FDA device regulator calls for more authority

Without specifically endorsing legislation introduced by House Democrats, the FDA's top dog on medical devices has thrown his support behind tougher regulations for approving products that have designs traceable to recalled items.

It is the kind of authority that might have kept vaginal mesh products and problematic hip joint replacements made by Johnson & Johnson ($JNJ) and others from wreaking the medical and legal havoc they have. Not surprisingly, the industry's response is the FDA has all the rules and regulations it needs.

Jeffrey Shuren, director of the FDA's Center for Devices and Radiological Health, told Bloomberg that under current rules, a manufacturer can voluntarily pull a device with design flaws and resubmit another version. The FDA must approve without human testing devices that have an eligible "predicate" unless the older device was ordered by the agency or a court to be pulled.

That is what happened with vaginal mesh products that have since failed, resulting in hundreds of lawsuits.
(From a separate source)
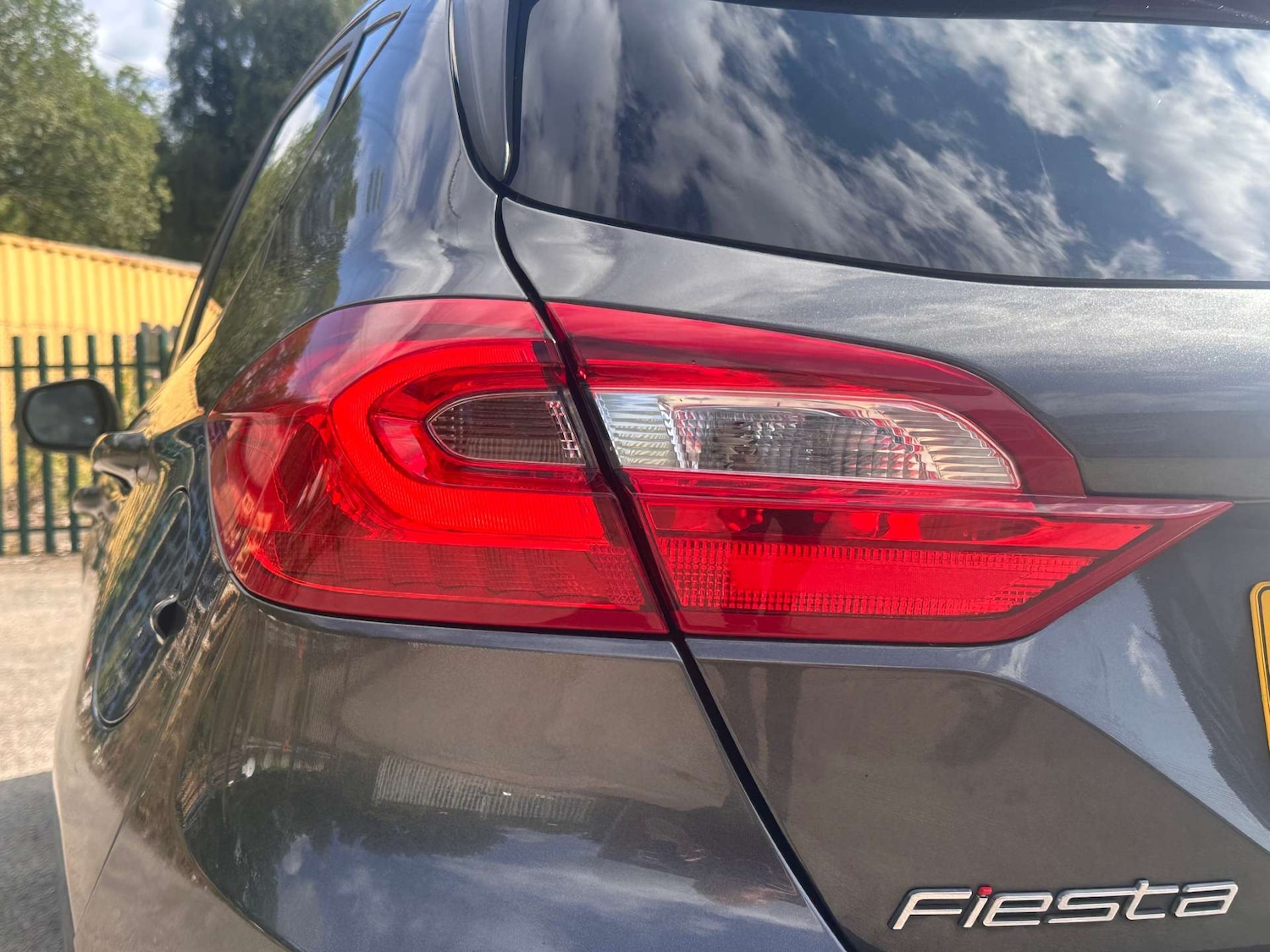 Used Ford Fiesta 2017 for sale - 76845367: Photo 32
A report by the FDA released in July found deaths related to the products have increased 5-fold.

House Democrats have introduced legislation that would close what Shuren referred to as the "loophole." The Advanced Medical Technology Association maintains devicemakers already labor under a long and difficult approval process, and the additional authority would only add to the burden.

Shuren acknowledged that only an average of 28 of 3,000 devices approved annually can be traced to the loophole. However, a few of those devices, like vaginal mesh, have created out-sized problems that have undermined the public's faith in FDA oversight.

"It's good for patients and it's good for companies and it assures that if there's a problem with the new device, it gets addressed before it goes to market," Shuren told Bloomberg.